Here at Get Healthy U we like to be active every day and we all have our different things we like to do. Sandra, my editorial director, used to hear from others that running was not for her body type. Well – she proved those theories wrong and shows us all that stereotypes aren’t always right. Read her story and get inspired to sign up for your first 5k – Chris Freytag.
It was hard enough that my childhood dream to be a ballerina was dashed because “petite and lean” aren’t adjectives anyone would use to describe me. Even at my ideal weight and a good BMI score, I have short legs and a chest that would scrap any ballet dancer pursuit. If I was a ballerina it would look like a choreographed SNL skit. So imagine how discouraged I was when I told a yogi friend of mine that I wanted to take up running, and she told me I shouldn’t because of my body type. “You are too stocky for running and all that pounding would damage your body,” she said as we power walked. She had great intentions, but I am so happy I didn’t listen to her, because I love to run. You could even call me a running addict.
When I was a beginning runner, it wasn’t pretty. I ran like two minutes and wheezed for the next five while walking. Okay, kidding … but it wasn’t much better than that. Eventually, I could run for ten minutes without stopping. I signed up for my first 5k and decided I’d run/walk it.
The energy at 5K races is addictive. Fitness enthusiasts and athletes up and out early on a Saturday morning! Everywhere I looked, images of fitness—race bibs, fitness gear, neon sneakers, fit people, bananas, apple slices, awesome crowd energy, people cheering from the sidelines and a sense of exercise accomplishment before 9 a.m. F.U.N. FUN!
On to my second goal—sign up to a 5 K and run the whole thing. I felt like a million bucks afterward … and was even proud to finish those 3.1 miles in 38 minutes because I was a beginner.
Cue the drum roll … Today I run a 27 minute, 17 second 5K. That’s my PR right now. I’m training to beat it soon. How far I’ve come (how much I’ve improved) is probably the number one reason I love running. Running shows me that I can do more than I ever thought I could do. I compete against myself and win.

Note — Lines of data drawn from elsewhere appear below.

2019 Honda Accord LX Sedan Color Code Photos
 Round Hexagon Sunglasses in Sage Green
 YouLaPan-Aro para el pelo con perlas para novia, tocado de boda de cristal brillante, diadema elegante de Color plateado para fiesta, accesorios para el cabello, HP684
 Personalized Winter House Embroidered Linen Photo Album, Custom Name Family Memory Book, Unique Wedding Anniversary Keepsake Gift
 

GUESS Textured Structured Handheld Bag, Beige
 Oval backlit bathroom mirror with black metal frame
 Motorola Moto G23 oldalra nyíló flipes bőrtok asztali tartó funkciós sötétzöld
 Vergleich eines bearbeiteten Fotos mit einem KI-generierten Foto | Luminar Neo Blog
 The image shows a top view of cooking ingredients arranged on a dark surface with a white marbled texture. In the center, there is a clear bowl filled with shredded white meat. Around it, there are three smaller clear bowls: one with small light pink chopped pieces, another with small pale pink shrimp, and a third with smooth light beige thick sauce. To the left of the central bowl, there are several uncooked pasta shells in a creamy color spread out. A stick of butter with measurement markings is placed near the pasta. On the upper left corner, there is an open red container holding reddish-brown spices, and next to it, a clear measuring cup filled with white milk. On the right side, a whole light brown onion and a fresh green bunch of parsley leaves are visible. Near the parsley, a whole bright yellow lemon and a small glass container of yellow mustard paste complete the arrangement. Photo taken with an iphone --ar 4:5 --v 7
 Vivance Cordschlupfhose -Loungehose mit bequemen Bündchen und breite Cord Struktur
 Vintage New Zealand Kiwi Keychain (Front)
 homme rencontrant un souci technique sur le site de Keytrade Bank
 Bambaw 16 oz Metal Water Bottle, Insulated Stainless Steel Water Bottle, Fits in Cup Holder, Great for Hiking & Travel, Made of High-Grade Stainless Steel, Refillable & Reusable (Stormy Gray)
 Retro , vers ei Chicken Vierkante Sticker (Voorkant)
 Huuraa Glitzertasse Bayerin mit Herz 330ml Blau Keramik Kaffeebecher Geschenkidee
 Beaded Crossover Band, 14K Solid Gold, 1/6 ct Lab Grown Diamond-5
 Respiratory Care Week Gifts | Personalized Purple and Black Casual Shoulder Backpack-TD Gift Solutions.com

I have tangible proof of my cardiovascular fitness improving. How cool is that? Sometimes when I look at my race time on the big digital display as I cross the finish line I think: Is this really me?
Related: 5 Reasons To Start Running
When I started to jog I could only continue for about two minutes. This week I was on the treadmill running a 9:15 second mile, and I could let my mind wander and carry on a normal conversation. My body felt strong—like I was on auto-pilot. Blows my mind to see how much I’ve progressed. I even dialed it up to an 8:45 mile for a while for just for fun.
I’ve won my age group a couple of times and won some cool prizes like a John Hardy bracelet and a group tasting at a great local restaurant for 10 of my friends. I’ve run more 5ks than I can count, a few 10ks and two half marathons to date!
I run consistently every other day and I am always excited when it’s a running day. Grab my playlist, iPhone, armband, headphones, FitBit Flex, my dog Biscuit, and run right out the door if it’s nice out, or head to the gym if it isn’t.
I love how running always gives you a glistening sweat. There’s no doubt you just gave your body an intense workout. I love how your lungs feel more open and capable after you finish. I even love running hills now (most days) because of the sense of accomplishment. Running has helped me torch calories, lose weight and get my legs rock solid. It’s changed my body and has become my favorite cardio workout for sure!
If you have curiosity about running but you don’t think you are a runner or someone told you that you aren’t a runner—don’t listen! Try it and give yourself time to progress. Don’t give up if you can only run for two minutes when you start. Running is a slow build. Stick with it and you just might get addicted. And running is one addiction that’s actually good to have!